Sabemos que la ciudadanía es un proceso que se construye paso a paso, pero no es menos cierto que si no nos esforzamos por canalizarla adecuadamente poco estamos ayudando a enrumbarnos hacia una sociedad más democrática, en la que las reivindicaciones justas alcancen legitimidad, en la medida que exista un consenso sobre la justicia demandada.
En las últimas semanas estamos observando diversas expresiones de protesta que si bien pudieran tener cierto sustento, por la manera en que se han venido expresando han perdido su pretendida legitimidad. Aquí no se trata de que se nos cuestione porque nos encontramos lejos de la zona de los conflictos y no tenemos capacidad de realizar un análisis más equilibrado, ya que lo que tratamos de valorar es precisamente cómo hacemos para mejorar nuestra lógica ciudadana y por tanto vivir en espacios democráticos, donde prioricemos la cohesión social integrándonos a la mirada que sobre nuestra realidad tengamos con los peruanos quechuas, aimaras, los nativos de diferentes etnias, los migrantes de entornos rurales cuando ocupan espacios urbanos, etc.
Quién representa a quién y por tanto quién es responsable de qué, es una premisa básica para cualquier proceso de diálogo.

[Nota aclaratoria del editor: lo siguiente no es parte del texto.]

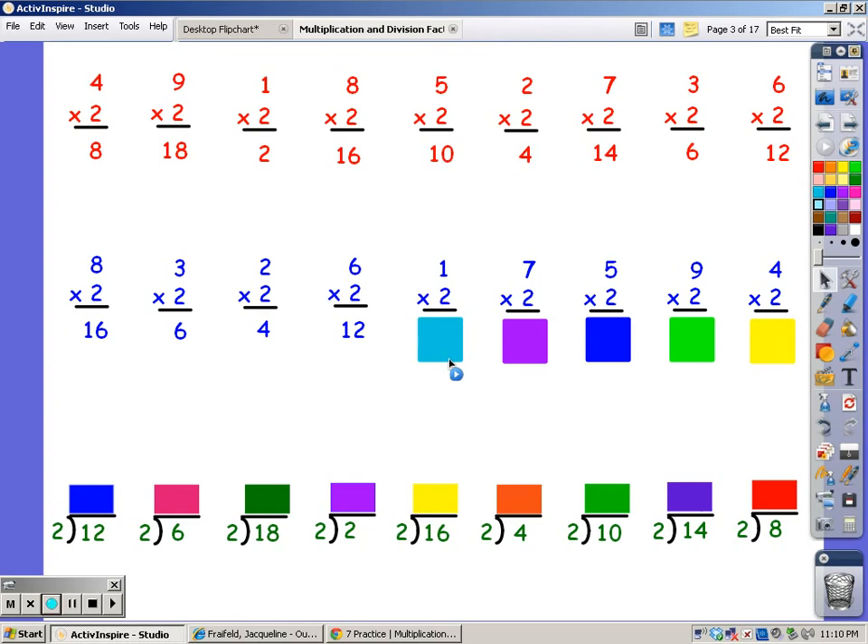For one finger: two. For seven fingers: two, four, six, eight, ten, twelve, fourteen. For five fingers: two, four, six, eight, ten. For nine fingers: two, four, six, eight, ten, twelve, fourteen, sixteen, and eighteen. For four fingers: two, four, six, eight.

El derecho a protestar no puede ser cuestionado y quienes lideran la causa deben asumir el impacto positivo y negativo que estas pudieran generar; claro, si son los líderes. Pero si la protesta no es adecuadamente canalizada es porque no tiene liderazgo y por tanto no existe responsable de ese movimiento.
Nos decimos democráticos pero no somos capaces de utilizar los mecanismos que la propia democracia nos ofrece para plantear nuestras demandas. Nuestros derechos son reivindicados constantemente pero la parte que corresponde a nuestros deberes, que son precisamente los que generan nuestros derechos, no solemos ejercitarlos. Entonces, ¿a qué tipo de ciudadanía es a la que aspiramos? Muchos académicos tienen interpretaciones muy sesudas para justificar nuestros movimientos sociales, pero esas interpretaciones dejan de ser rigurosas cuando se le pide cierta coherencia. Así, si la protesta no es canalizada con una propuesta sensata y con una representación legítima, no es necesariamente una expresión de ciudadanía sino más bien una herramienta de presión de intereses particulares. Lo que no tiene representación no es representativo.
La representación entonces es liderazgo y responsabilidad, también es docencia y por tanto los que asumen ese rol están obligados a orientar a los ciudadanos que dicen representar señalándoles que la indignación tiene mecanismos de expresión. Bloquear una carretera, arrojar un cóctel molotov sobre una propiedad pública o privada, destruir las vías de puertos y aeropuertos, entre otras “manifestaciones de protesta” son delitos y deben ser asumidos por los representantes de la protestas y si estos quieren que la indignación sea realmente legítima, deben denunciar a aquellas personas que cometieron los delitos, porque violaron la ley y sobre todo porque que subvirtieron la causa que tenía razones justas y por culpa de sus actos dolosos, la reivindicación perdió su legitimidad.